Capaccio Marcello, Gavalas Vasilis G, Meier Mark S, Anthony John E, Bachas Leonidas G
Department of Chemistry and Advanced Carbon Materials Center, University of Kentucky, Lexington, Kentucky 40506-0055, USA.
Bioconjug Chem. 2005 Mar-Apr;16(2):241-4. doi: 10.1021/bc049861d.
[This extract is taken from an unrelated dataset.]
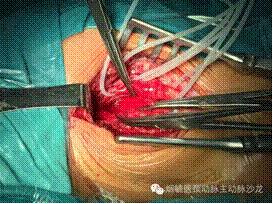 胃动脉溃疡,胃溃疡的溃疡点在主动脉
A novel biotinylated fullerene has been synthesized to facilitate the attachment of biotin-conjugated proteins to C(60) through the use of streptavidin as a molecular adapter. The strong biotin-streptavidin interaction enables the attachment of fullerenes to streptavidin and, because of the availability of four biotin-binding sites on streptavidin, to biotinylated biomolecules. The feasibility of this approach is demonstrated by using biotinylated alkaline phosphatase. Due to the insolubility of fullerenes in aqueous media, the immobilized enzyme can be eventually recovered by simple centrifugation with no significant loss in activity.
一种新型生物素化富勒烯已被合成,通过使用链霉亲和素作为分子适配器,促进生物素共轭蛋白与C(60)的连接。生物素与链霉亲和素之间的强相互作用使得富勒烯能够与链霉亲和素连接,并且由于链霉亲和素上有四个生物素结合位点,富勒烯也能够与生物素化生物分子连接。通过使用生物素化碱性磷酸酶证明了该方法的可行性。由于富勒烯在水性介质中不溶,固定化酶最终可通过简单离心回收,且活性无显著损失。